Video starten 13:49 Werden Spiele wirklich immer teurer? - Video zur Preisentwicklung seit 1989 - Video zur Preisentwicklung seit 1989

Verbraucherfreundlichkeit hat ihren Preis: Hinzukommen Regelungen seitens der Europäischen Union, die für technische Produkte wie eben der PlayStation 5 Pro gelten.

  • So gilt hier etwa eine zweijährige Gewährleistung auf Neuwaren, die in den USA zumindest in dieser Form nicht existiert.
  • Daneben kommen etwa Rücknahme- und Entsorgungsauflagen für elektronische Geräte, die ebenfalls Kosten verursachen und direkt an die europäische Kundschaft weitergegeben werden.

Angesichts dieser Regelungen lässt sich nur ungefähr bestimmen, wie viel günstiger die PlayStation 5 Pro in den USA ist.

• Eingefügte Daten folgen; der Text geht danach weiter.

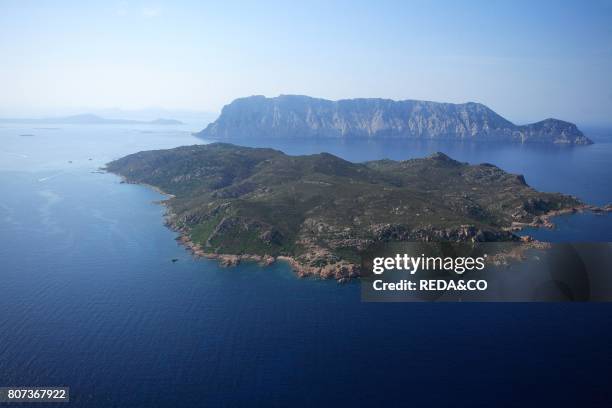 Aerial view. Molara and Tavolara island. Loiri Porto San Paolo. Sardinia. Italy.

  • Vergleichen wir etwa den Bruttopreis der Konsole im US-Staat Louisiana, kommen wir beim aktuellen Wechselkurs auf einen umgerechneten Europreis von 689 Euro - satte 110 Euro weniger als bei uns.
  • Noch schlechter fällt der Vergleich aus, wenn mit den »US-Steuerparadiesen« verglichen wird, wo wir bei einem Preis von rund 627 Euro landen.
  • Aufgrund der Natur der Mehrwertsteuer sowie den schwer bestimmbaren zusätzlichen Kosten in der EU lässt sich also nur bedingt pauschal beantworten, wie hoch der Preisunterschied der PS5 Pro zwischen den USA und Deutschland tatsächlich ausfällt. Dass Sony einen gehörigen Preisaufschlag in der EU ansetzt, dürfte angesichts dieser Daten aber als wahrscheinlich gelten.